Markaya ve pazarlama iletişimine ne kadar yüksek bütçe ayırırsan ayır, hangi kanallarda ne kadar müthiş kampanyalar yürütürsen yürüt; markanın en önemli elçileri çalışanlardır.
Denklem basitçe şöyle; eğer bir çalışan şirketin dışarıya aktardığı değerleri içleştirmeyi başardıysa ve bu değerlere uyumlu geliştirilmiş bir kültürde çalışıyorsa işine daha fazla bağlanır ve sahip olduğu yüksek motivasyonla müşteriye daha iyi ve kaliteli hizmet sunar. Çalışanın adına çalıştığı şirkete olan inancının artması, şirketin dış dünyadaki algısını da olumlu yönde etkiler.
Marka kimliğinin temellerini şirket kültürünü oluşturan değerler oluşturur. Örneğin yenilikçi, sürdürülebilir, sosyal sorumluluk ve müşteri odaklılık gibi kavramları benimseyen bir markanın iletişimi de bu kavramların üzerinde ve etrafında sürdürülecektir.

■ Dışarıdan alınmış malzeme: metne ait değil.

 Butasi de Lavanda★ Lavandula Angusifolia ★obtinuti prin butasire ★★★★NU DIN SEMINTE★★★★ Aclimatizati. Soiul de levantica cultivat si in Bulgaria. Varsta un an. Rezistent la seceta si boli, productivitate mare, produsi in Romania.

Bu iki değeri birbirini zaman zaman tamamlayan zaman zaman da destekleyen bir yapıda kullanan bir marka, sadece ürün veya hizmet sunan bir personadan çıkarak güçlenir ve kültürel bağlamda da bir kimlik kazanır.
Şirketin kültürü ve marka iletişimi arasındaki köprüyü oluşturan en önemli bileşenler şirketlerin içinden yükselen liderlerdir. Bu kişilerin davranış biçimleri ve iletişim kurarken takındıkları tavırlar aynı zamanda markanın dış dünyayla nasıl iletişim kurduğunu da belirler.
Dolayısıyla markayı özgün bir hale getirirken marka liderlerinin markanın sahip olduğu değerlere uygun biçimde hareket etmesi beklenir.
Lider doğal olarak “ardından sürükleyen” bir konumda olduğundan şirketin diğer çalışanlarında güven uyandırıp bağlığık yaratma gücünü taşıyan önemli bir aktördür.